Gabo da una entrevista enjorquetado en una silla, como si fuera a caballo.
El respaldar ve al frente y frente a García Márquez hay una periodista.
El escritor lleva camisa azul, contraste fabuloso con la llamarada amarilla de un ramo de flores que al fondo parecen mariposas presas de un jarrón.
Antes de que la conversación vuele, cuando el programa empieza, dos niños, uno de ellos descamisado, juegan en las vías de un tren con algo que parece un globo, pero podría ser un pedazo de alegría arrebatado a la pobreza.
Suena música que recuerda a un vallenato y vemos tumbas blancas. Un hombre pasea por un cementerio al lado de un mar que sin duda es el Caribe.
Los cementerios caribeños deberían ser de colores, como los que conocí en Chichicastenango y a los cuales llenaba de vida el sol de la tarde.
(Chichicastenango es un pueblo con calles de piedra sobre las cuales extienden en los días de mercado alfombras de agujas de pino. El aroma sube al majarlas, ancianas indígenas queman incienso en pequeñas latas frente a la boca negra de iglesias blancas. Así lo revivo en el recuerdo).
Y al fin oímos a Gabo, pero aún no lo vemos. Dice que un escritor tiene licencia para inventarlo todo siempre que sea capaz de hacerlo creer.
Remedios la bella sube al cielo en cuerpo y alma y lo creo, pero no que un hombre regresa de la muerte al tercer día. La falla de los libros sagrados es enredarse con el dogma. Así perdieron libertad y empezaron a ser sospechosos.
Soy descreedor de tiempo completo, pero un Credo me gusta: el de Carlos Mejía Godoy. Lo descubrí en la infancia, cuando desconocía la existencia de los pintores primitivistas.
Años después pude adentrarme en esos cuadros de exageraciones verosímiles que son como retratos de los portales caseros donde convivían pastores palestinos con guacamayas plásticas y los patos nadaban inmóviles en aguas de vidrio.
Los pintores primitivistas son escritores con pincel. Hacen posibles mundos de árboles celestes donde hombres, garzas y venados tienen el mismo tamaño. Inventan una vida nueva.
La periodista interroga a García Márquez con una pregunta a la medida de un voyerista: “¿a usted qué le gustaría ver por un agujerito sin ser visto?”.
Gabo piensa, responde: “la vida desde la muerte”. Y la periodista avanza: “¿y cómo le gustaría morirse”.
“Si a mí me pusieran a escoger la muerte, sencillamente no la escogería, me niego rotundamente. Yo la única opción que acepto es la de no morirse. La muerte es una trampa, una traición.

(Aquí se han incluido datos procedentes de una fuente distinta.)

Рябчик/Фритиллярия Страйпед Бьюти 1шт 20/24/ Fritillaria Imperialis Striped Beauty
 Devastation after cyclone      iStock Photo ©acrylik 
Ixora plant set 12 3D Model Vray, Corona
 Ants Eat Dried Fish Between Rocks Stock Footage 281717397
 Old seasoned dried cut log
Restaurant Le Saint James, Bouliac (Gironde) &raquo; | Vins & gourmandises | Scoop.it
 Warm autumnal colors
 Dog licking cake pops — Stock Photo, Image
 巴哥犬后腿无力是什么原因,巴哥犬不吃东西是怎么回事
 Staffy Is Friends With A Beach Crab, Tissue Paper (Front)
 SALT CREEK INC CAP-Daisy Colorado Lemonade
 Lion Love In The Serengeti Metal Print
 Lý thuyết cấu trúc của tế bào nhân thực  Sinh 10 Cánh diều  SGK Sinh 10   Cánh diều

Pa’ mí es muy serio el hecho de que esto se acabe, creo que es injusto”.
Y sigue la periodista: “¿Y qué podemos hacer para evitarlo?”.
Gabo se crece: “Escribir mucho”. Y sonríe.
Su imagen se funde con la de una cruz, una ciudad y un sol a medio cielo que impide adivinar si sube o baja.
Sí, escribir es un acto para espantar a la muerte, pero sería mejor no morirse nunca o al menos conseguir lo que proponía la pintora inglesa Leonora Carrington, creadora de hienas mansas y gatos rojos.
Al hablar de lo ineludible Leonora enseña su cara surrealista: “No me gustaría morir de ninguna manera, pero si llego a hacerlo algún día, que sea a los 500 años de edad y por evaporación lenta”.
Leonora soñaba con la sublimación y Gabo con ver la vida desde la muerte. Yo propongo la revolución: ver la vida desde la vida. Verla y participar.